An equal number of Democrats and Republicans were surveyed and the results were surprisingly balanced, indicating support across party lines.

In fact, 94 percent want the government to better balance energy production protecting water and air; 91 percent of want Congress to lead a "national agenda for clean energy and protecting America's water and air;" and 86 percent want a shift from coal and nuclear energy to wind and solar.

According to 92 percent of respondents, "U.S. energy planning and decision making" should be based on "a comprehensive understanding of what our national water resources are." Congress has asked for a national water roadmap but it never materialized.

The results of the survey should be a "wake-up call for federal elected officials," according to Pam Solo, president and founder of CSI.

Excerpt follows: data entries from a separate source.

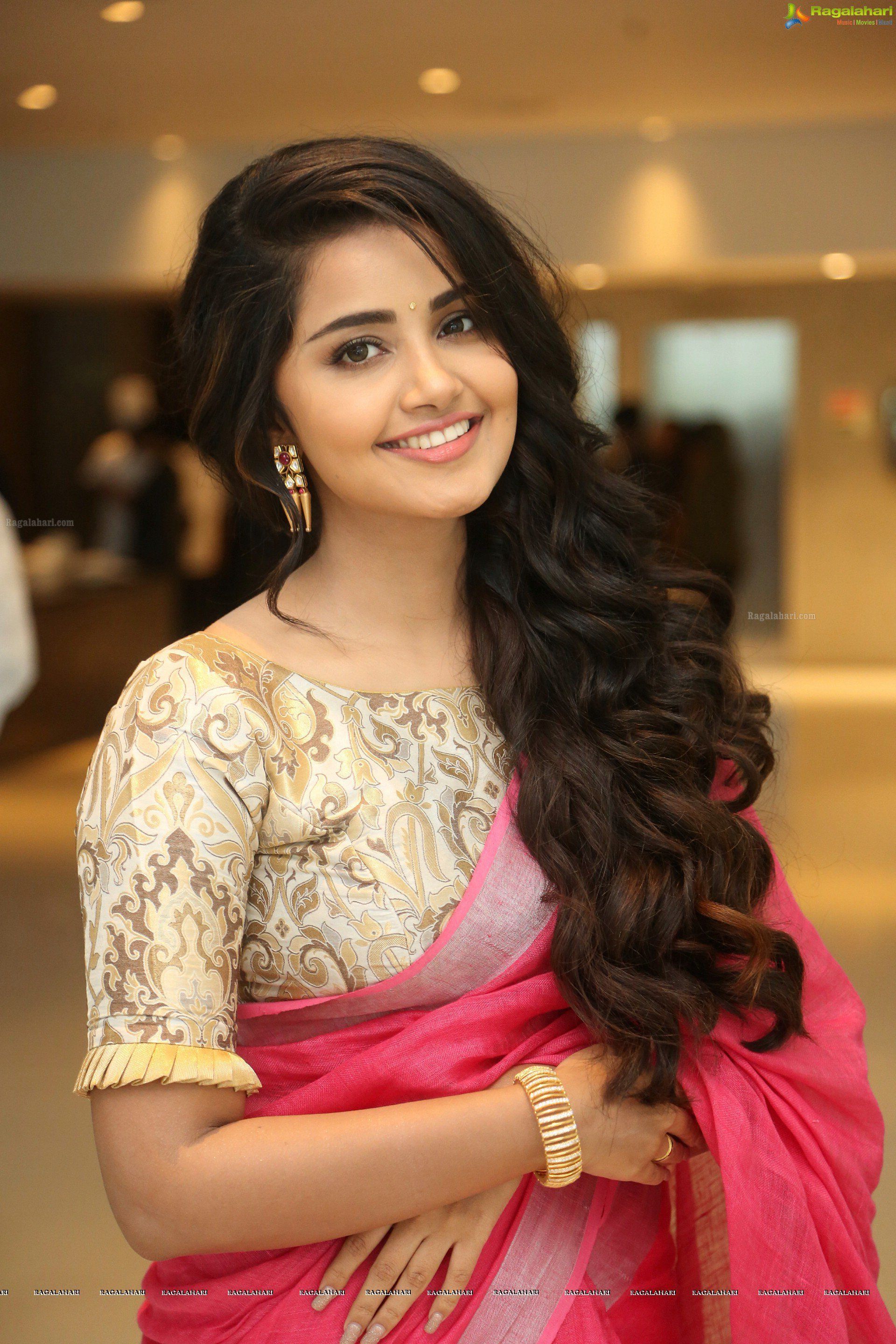 Anupama Parameswaran Wallpaper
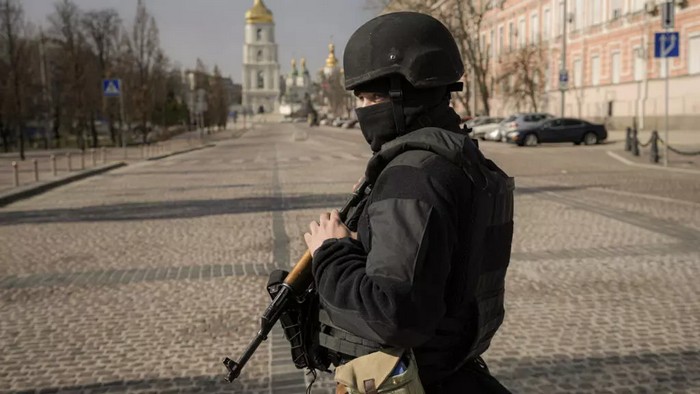 Бійці територіальної оборони стоять біля блокпосту в Києві, Україна, 24 березня 2022 року © Vadim Ghirda / AP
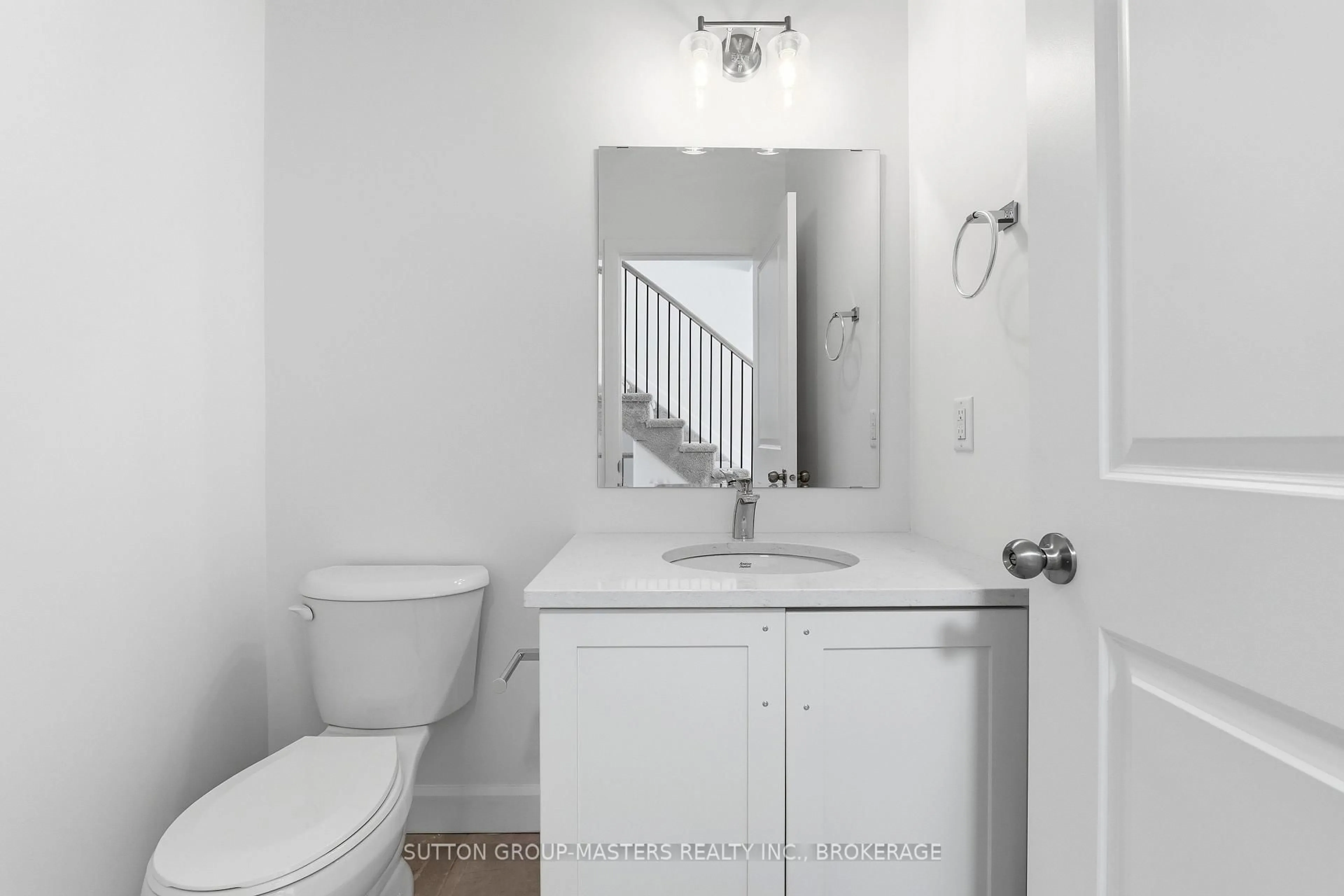 Standard bathroom, unknown for 255 Pratt Dr, Loyalist Ontario K7N 0E8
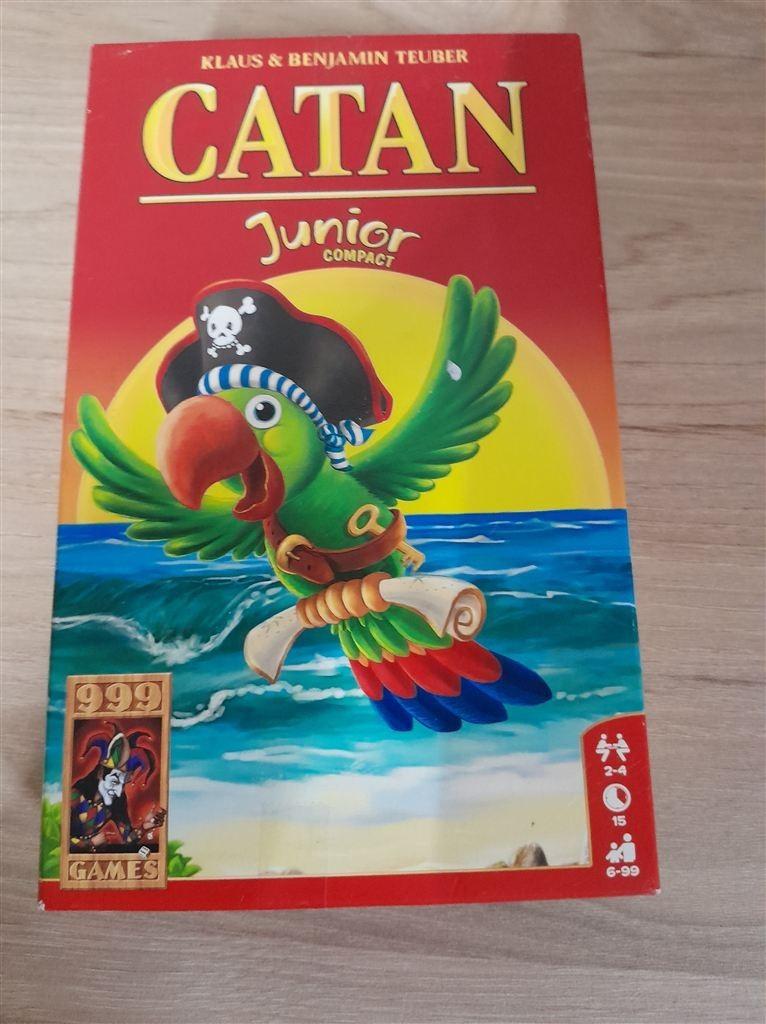 Catan junior compact - s3973, Hobby en Vrije tijd, Verzenden, Zo goed als nieuw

"The voracious appetite that conventional energy such as gas, oil, coal and nuclear power has on water availability is increasingly a problem for many parts of the country," Solo said. "When given a menu of choices and not asked a simple 'yes or no' question, Americans weigh our options and come down in favor of increased energy efficiency and low environmental impact and healthier energy futures such as wind and solar power.

"The distance between what the public values and where political decision makers are headed should be seen as an opportunity for real leadership at the federal level. Energy policy is at the heart of our economic prosperity, public health, and national security. And Americans overwhelmingly want a voice that can counter the undue influence of the energy industries that have a stake in business as usual," she said.